Само по себе появление в России в конце рационального безрелигиозного ХХ века многочисленных верующих во Христа Спасителя является, безусловно, феноменом, а правильнее сказать, чудом Божьим. В то время, когда, казалось бы, не то что христианство, а и любая религия должна была кануть в лету, в России произошёл взрыв религиозного чувства, и изголодавшаяся по «невидимому» публика с жадностью набросилась на всё потустороннее. Трудно найти сейчас сколько-нибудь «чистого» атеиста. Кто-то из наших соотечественников обрёл себя в исламе, кто-то - в язычестве, разнообразных христианских (и не только) сектах, множество - в оккультизме и разных агностических учениях. Большая часть наших соотечественников с той или иной мерой основательности обратилась к спасительному Православию. Но как бы не захватила наше общество религиозная лихорадка, все мы остаёмся, по сути, неофитами, привнёсшими вместе с собой в новую для нас религиозную жизнь, рудименты нашего прежнего, полуатеистического «общественного» сознания. Ничего ужасного в этом нет, но и не замечать некоторых феноменальных особенностей современного православного сознания опасно. Если не удаётся в одночасье изменить своё сознание, надо хотя бы стремиться к этому. В этой небольшой статье я попытаюсь обратить внимание читающей публики на некоторые, особенно бросающиеся в глаза феномены современного православного сознания.

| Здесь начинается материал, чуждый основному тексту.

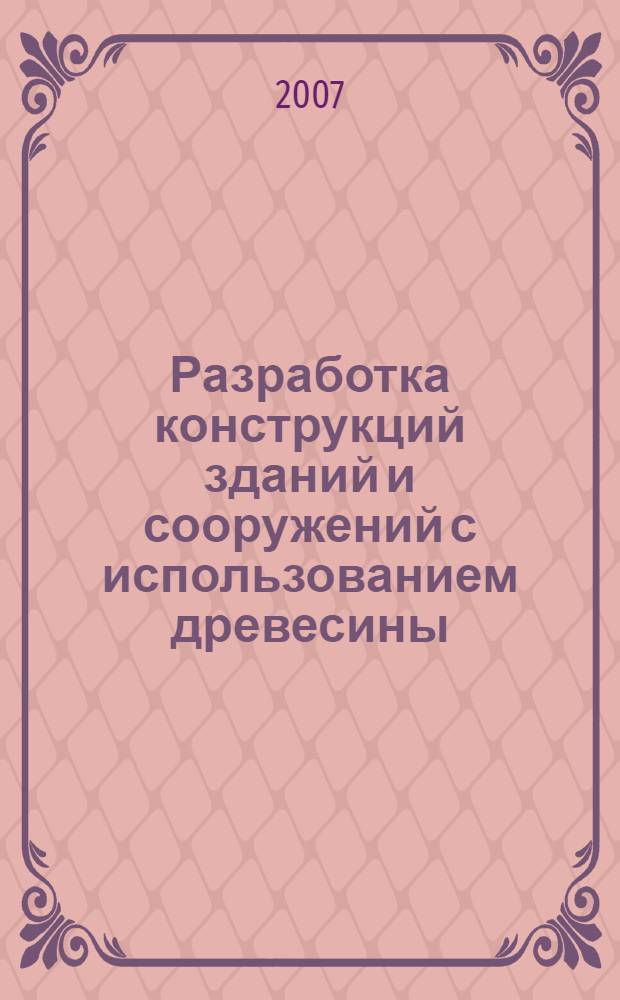 Разработка конструкций зданий и сооружений с использованием древесины : учебно-методическое пособие по разработке курсового проекта для студентов специальности 270102 - промышленное и гражданское строительство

1. Классовый подход к определению «народ Божий»
Хоть мы уже и не советские люди, а граждане свободной России, нам никак не удаётся отделаться от въевшегося в наше сознание классового подхода к окружающей действительности. Нередко приходится слышать в качестве доказательства правоты какой-нибудь идеи, что Народ Божий является хранителем Божественной Истины. Причём, из контекста высказывания понятно, что в этот самый народ входят исключительно миряне, ну, может быть, некоторая «сознательная» часть духовенства, но никак уж ни архиереи (само собой, кроме одного, всем известного). Отсюда и такое классовое псевдоиерархическое представление о Церкви: миряне - некий пролетариат, который своим трудом кормит буржуев - архиереев и их прислужников - духовенство, и которому нечего терять кроме своих цепей. И истина, само собой, у самого передового класса православных - так называемых «простых верующих», пролетариев Церкви.
При этом всем известно, что Народ Божий - это вся Церковь Христова, Церковь Апостольская, которая немыслима без законных наследников Апостолов - епископов и без ими поставленных служителей - священников. Но в полемике это как-то забывается, и Народ Божий становится православным пролетариатом, от имени которого может вещать всякий желающий. Причём, без всякой опаски. От имени Церкви - нельзя, это будет восхищением власти, только архипастыри имеют право от Неё говорить, и посмей кто-то высказаться - могут и спросить, и наказать канонически. А от имени Народа Божьего можно говорить сколько угодно, народ-то - понятие неопределённое, он ведь не спросит...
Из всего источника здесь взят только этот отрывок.